[Data under study — start]

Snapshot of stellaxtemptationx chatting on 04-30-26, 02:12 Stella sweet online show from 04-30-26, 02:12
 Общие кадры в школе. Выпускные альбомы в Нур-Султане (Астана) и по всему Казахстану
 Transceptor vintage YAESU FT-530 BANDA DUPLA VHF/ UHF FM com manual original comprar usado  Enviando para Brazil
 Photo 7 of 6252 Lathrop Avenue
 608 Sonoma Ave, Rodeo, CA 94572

[Data under study — finish]

All of the lines above are to be restated word for word.

Snapshot of stellaxtemptationx chatting on 04-30-26, 02:12 Stella sweet online show from 04-30-26, 02:12
 Общие кадры в школе. Выпускные альбомы в Нур-Султане (Астана) и по всему Казахстану
 Transceptor vintage YAESU FT-530 BANDA DUPLA VHF/ UHF FM com manual original comprar usado  Enviando para Brazil
 Photo 7 of 6252 Lathrop Avenue
 608 Sonoma Ave, Rodeo, CA 94572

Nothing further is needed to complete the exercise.